_Dataset excerpt_
★ ★ ★ ★
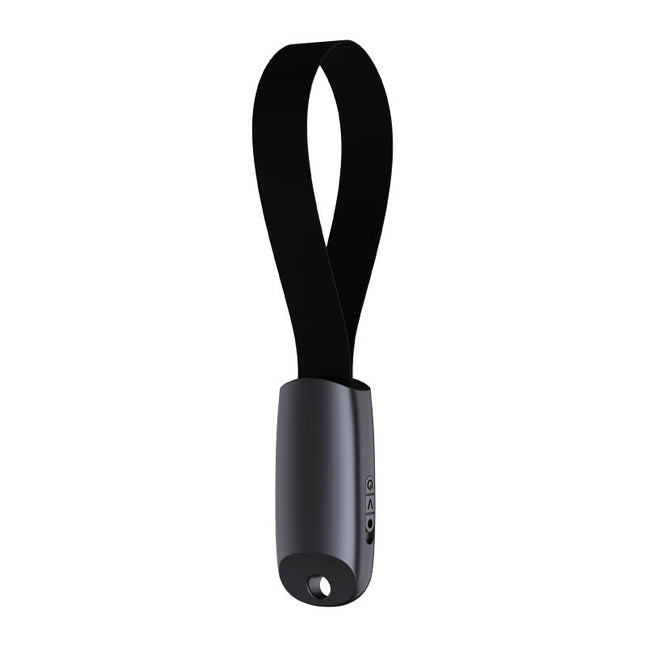 Compact Keychain Audio Recorder Portable USB Rechargeable High-Quality WAV Recording Device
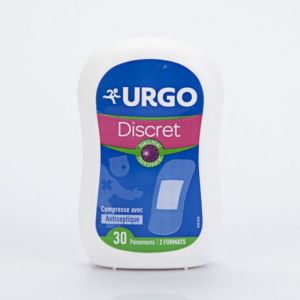 URGO Discret boite de 30 pansements transparents / 2 formats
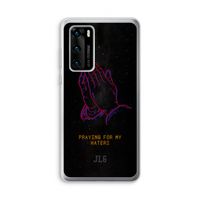 Praying For My Haters: Huawei P40 Transparant Hoesje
★ ★ ★ ★
_Directions for this task_
Would you output the full listing exactly as it stands, minus the images?

_Written answer_
 Compact Keychain Audio Recorder Portable USB Rechargeable High-Quality WAV Recording Device
 URGO Discret boite de 30 pansements transparents / 2 formats
 Praying For My Haters: Huawei P40 Transparant Hoesje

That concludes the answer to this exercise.